“[W]e are in a very key, transformative period with respect to racial change in the United States,” said Senior Fellow William Frey today during an event to discuss the findings and implications of his new book, Diversity Explosion: How New Racial Demographics Are Remaking America. Frey said that in the year 2050, “people are going to look back at this period and call it the pivotal period of demographic change in the United States.”
During the presentation, Frey—an internationally recognized demographer and scholar in the Metropolitan Policy Program at Brookings—presented his main findings, including how the U.S. population is diversifying from the bottom up, how the white population is aging and declining, and what the implications of these changes are for the economy and politics. The conversation continued in a Q&A with Ron Brownstein, editorial director of Atlantic Media and long-time observer of U.S. politics, and Senior Fellow Amy Liu, co-director of the Metropolitan Policy Program.
Visit the event’s page for a complete video recording.
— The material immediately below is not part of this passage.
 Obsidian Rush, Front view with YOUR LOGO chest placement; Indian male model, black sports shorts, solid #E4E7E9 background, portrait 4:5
Highlights of the data presented and discussion appear below.
2044: The year the Census Bureau projects we’ll have more minorities than whites in the U.S.
Frey explained that the rapid growth of new minorities—Hispanics, Asians, and multi-racial persons—combined with the slow growth and aging of the white population mean that whites will no longer be a majority of the U.S. population. Moreover, he said, “in about ten years we’ll have an absolute decline in the nation’s white population.”
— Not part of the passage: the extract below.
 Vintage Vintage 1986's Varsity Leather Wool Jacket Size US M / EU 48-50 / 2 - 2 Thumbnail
Frey added that the natural increase of minority populations (due in large part, he said, to the fact that it’s a much younger population, especially Hispanics) is especially important “because it’s happening just in time to counter this decline in the white population” and will “help us in all kinds of ways.”
2020: The year by which everyone under age 18 will be majority-minority
Also, by the year 2027, everyone under age 30 will be majority-minority. Frey used these data to highlight what he calls a “cultural generation gap,” in which the younger population that is becoming more diverse, and the older population that is increasingly white and declining, do not seem to share the same social and political outlook. For example, older white people may be less favorable to public services and taxes that benefit the younger generation.
During the discussion that followed Frey’s presentation, Brownstein addressed this issue of a gap between the younger and older generations, especially in politics. “I completely agree with the underlying conclusion,” he said, “that there is more common interest between these two generations than our politics allows, because ultimately to support the retirement safety net that the baby boom needs we have to do a better job at moving more of this future workforce into the middle class.” But, he continued:
[T]hat’s not where our politics is today. Our politics today is that we are living through an overlapping generational, racial, and geographic realignment that is leaving us with two coalitions that are utterly divergent in who they represent, where they live, and what they want.
I described our coalitions essentially today as separate but equal coalitions. The reality is that no Democratic presidential candidate since Lyndon Johnson has won a majority of whites. Since 1988, the total variation in the Democratic share among white voters has been between 38 percent and 44 percent according to the exit polls.
Brownstein elaborated that in 2008 Barack Obama was the first candidate to lose whites by double digits yet still won, and that he lost whites by 20 points to Mitt Romney in 2012 and still won, due to his large share of the minority vote. “Every Democratic nominee since 1976,” said Brownstein, “has won between 78 and 82 percent of the combined minority vote.”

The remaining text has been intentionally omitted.